L'APPELLO DEL GARANTE PRIVACY

Il Garante per la Privacy chiede un impegno globale per combattere il cybercrime. "Tutti i Paesi ratifichino la Convenzione del Consiglio d'Europa sulla criminalità informatica"

di Federica Meta
Per garantire che la lotta contro i crimini informatici sia efficace ma che allo stesso tempo ci sia anche una forte protezione per i dati personali e quelli delle aziende occorrono regole a livello globale. È questo il pensiero espresso oggi dal Garante della Privacy, Francesco Pizzetti, intervenuto oggi a Strasburgo alla conferenza del Consiglio d'Europa sulla criminalità informatica.
Pizzetti ha ricordato come l'Unione Europea sia “molto forte sia sul fronte del rispetto alla protezione della privacy sia su quello delle sicurezza. Il Trattato di Lisbona rafforzerà ulteriormente la collaborazione in questi due ambiti''.

“Questo però non basta – ha avvertito il Garante -. Serve una sorta di Wto per la protezione dei dati sulla Rete e allo stesso tempo è necessario che tutti i Paesi e ratifichino la Convenzione sulla criminalità organizzata del Consiglio d'Europa al fine di applicarne i principi”.  A sostenere l’appello di Pizzetti gli oltre 300 esperti intervenuti alla conferenza che hanno invitato i governi ad aderire a un documento che è “un ottimo strumento di difesa”.

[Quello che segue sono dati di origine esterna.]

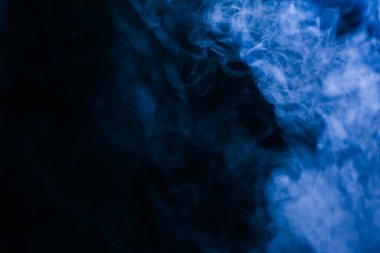 Bulanık lens. Siyah arka planda mavi duman. arka plan kullanımı için. arkaplan resmi kavramı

Dalla Conferenza è giunto un forte richiamo all’Icann perché controlli con più attenzione i dati forniti da chi opera la registrazione per l'apertura di un sito web. Dai dati resi noti oggi è emerso che piu' del 50% delle informazioni fornite per la registrazione sono false e questo rende poi impossibile rintracciare chi abbia creato un sito web per fini criminali.